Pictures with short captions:

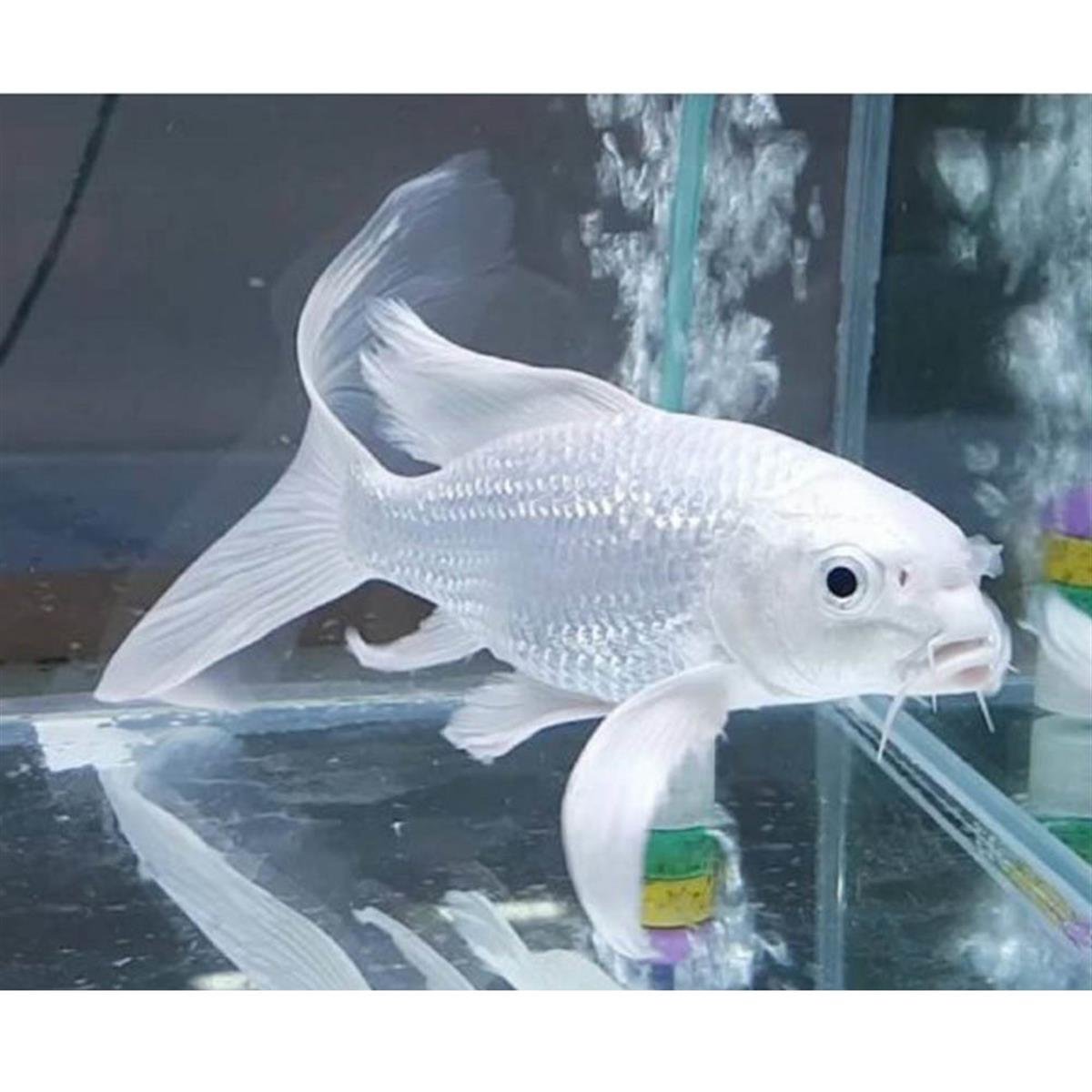 KOİ TÜL KUYRUKcanlı-395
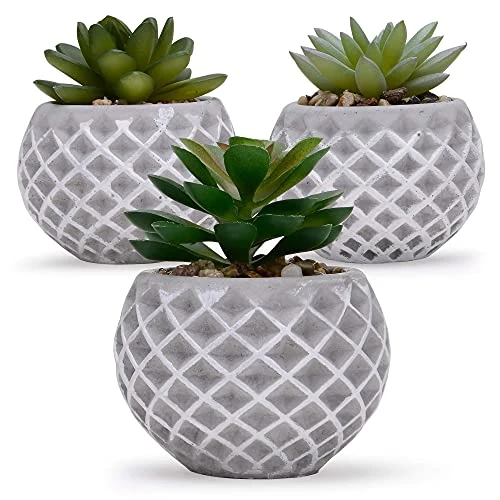 Succulent Decor, Fake Succulents, Succulent Wall Decor, Succulents Artificial Decor, Small Fake Plant, Succulent Decoration, Potted Plants, Set Of 3 Succulents 3 Succulent Decor, Fake Succulents, Succulent Wall Decor, Succulents Artificial Decor, Small Fake Plant, Succulent Decoration, Potted Plants, Set Of 3 Succulents
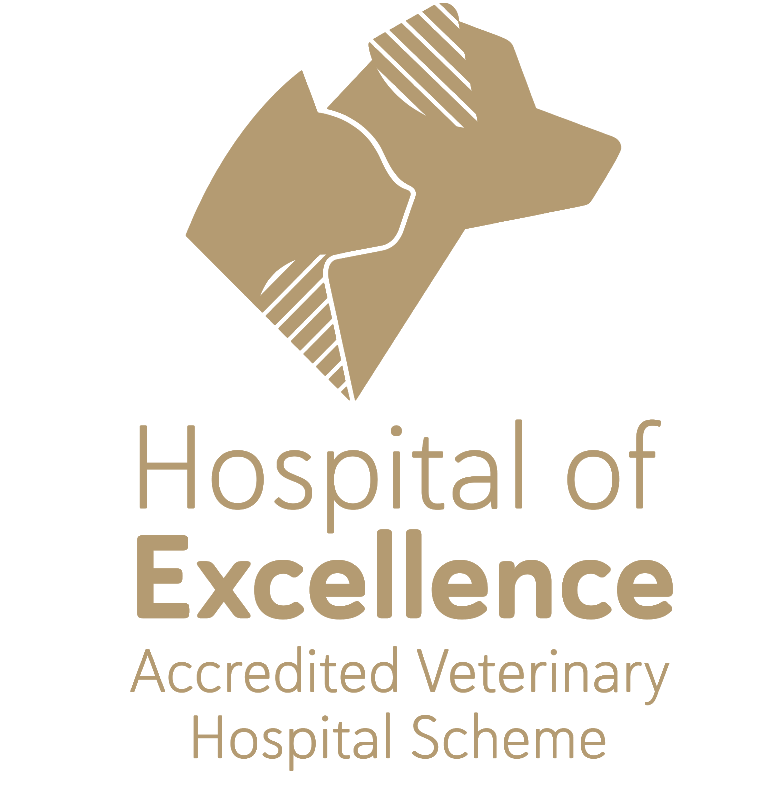 Malvern Veterinary Hospital - Highest Standards in Veterinary Care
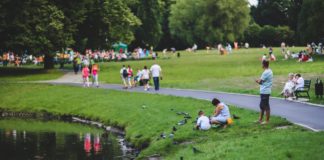 nature-bird-people-grass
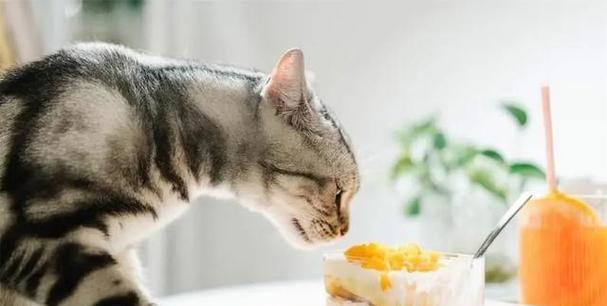 夏季猫咪不吃饭怎么办（宠物饮食管理）
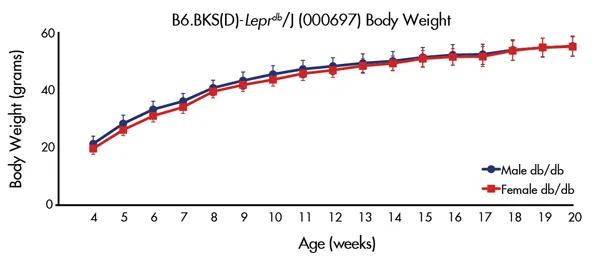 Figure 3. Weekly body weight of male and female B6.BKS(D)-Leprdb/J homozygotes (db/db).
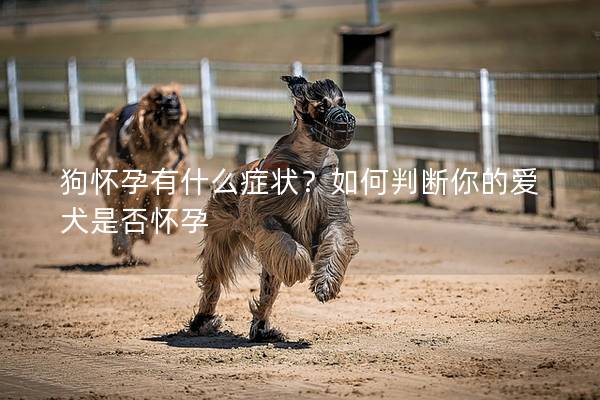 狗怀孕有什么症状？如何判断你的爱犬是否怀孕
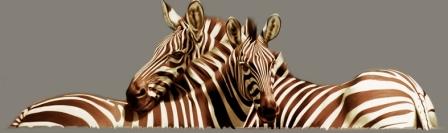 ROBINA YASMIN - just the two of us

§ TASK ITEM
An exact printout of the entries is wanted, covering the first line through the line holding "Malvern Veterinary Hospital", with pictures kept out of it.

§ RESPONSE
 KOİ TÜL KUYRUKcanlı-395
 Succulent Decor, Fake Succulents, Succulent Wall Decor, Succulents Artificial Decor, Small Fake Plant, Succulent Decoration, Potted Plants, Set Of 3 Succulents 3 Succulent Decor, Fake Succulents, Succulent Wall Decor, Succulents Artificial Decor, Small Fake Plant, Succulent Decoration, Potted Plants, Set Of 3 Succulents
 Malvern Veterinary Hospital - Highest Standards in Veterinary Care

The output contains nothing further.